At the industrial level, AI-assisted enzyme engineering platforms are upgrading from 'molecular modification tools' to 'biomanufacturing infrastructure.' Whether it’s designing and breaking metabolic pathway bottlenecks in synthetic biology, or advancing bio-based chemicals and materials from the laboratory to industrial fermentation tanks, AI enzyme engineering platforms play a core supporting role. The construction of industry standards has also accelerated. In 2026, the University of Science and Technology of China, together with the China Institute of Standardization, compiled the "Intelligent Research Platform Standards White Paper" (2026 edition), establishing a standardized framework across six dimensions: basic general standards, data, models and AI foundation, experimental infrastructure, platform security, and platform ecosystem construction, promoting intelligent research platforms from isolated 'bonsai' to systematic 'scenery.'

6. From Craftsmanship to Engineering: The True Turning Point of Enzyme Engineering

Still in that laboratory, a plastic-degrading enzyme designed by AI is quietly working in a constant-temperature tank at 65 degrees Celsius.
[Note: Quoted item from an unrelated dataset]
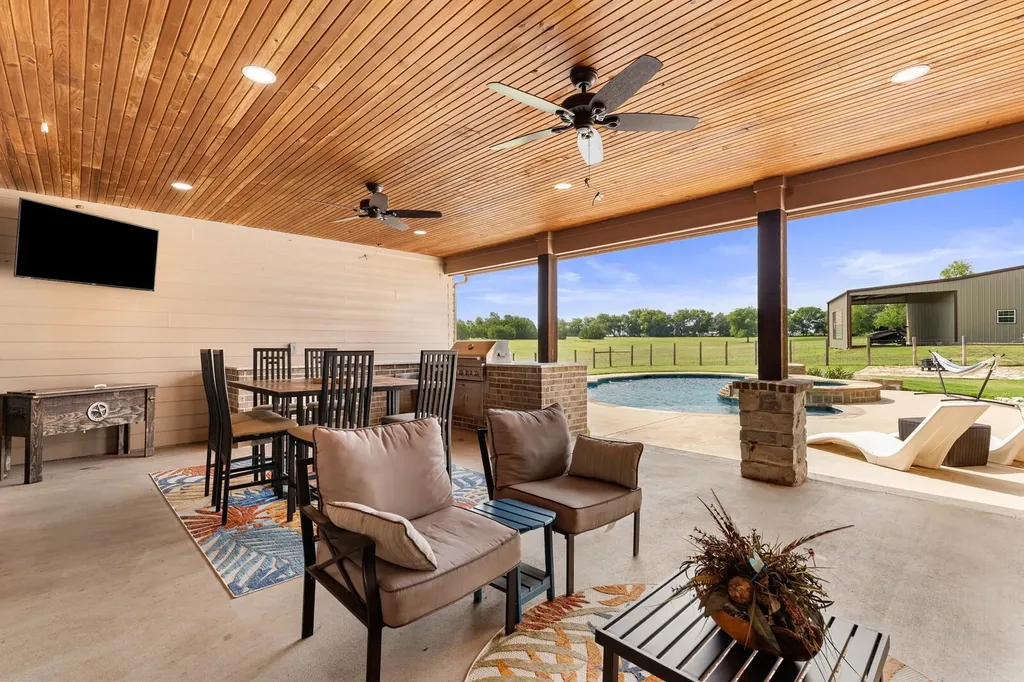 723 W Lee Avenue Whitney TX 76692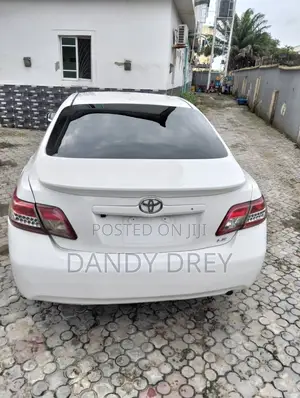 Toyota Camry 2010 White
A few years ago, humans could only marvel at such enzymes—either struggling for years to isolate them from extreme environments or going through round after round of blind screening with traditional methods, wasting precious time in long waiting periods.

Today, a natural sequence and an industrial demand are input into an intelligent platform. AI searches for enzymes for you, directs their evolution, predicts thermal stability, and even arranges experimental verification when you hesitate. You are no longer someone casting a net in the dark ocean; someone has already pointed out the course for you.

The core value of AI-assisted enzyme engineering platforms is not faster algorithms, but an entire set of infrastructure that liberates 'research productivity' from tedious labor. It makes enzyme design predictable, programmable, and scalable, transforming a technology that relied on experience and patience for decades into a true engineering discipline.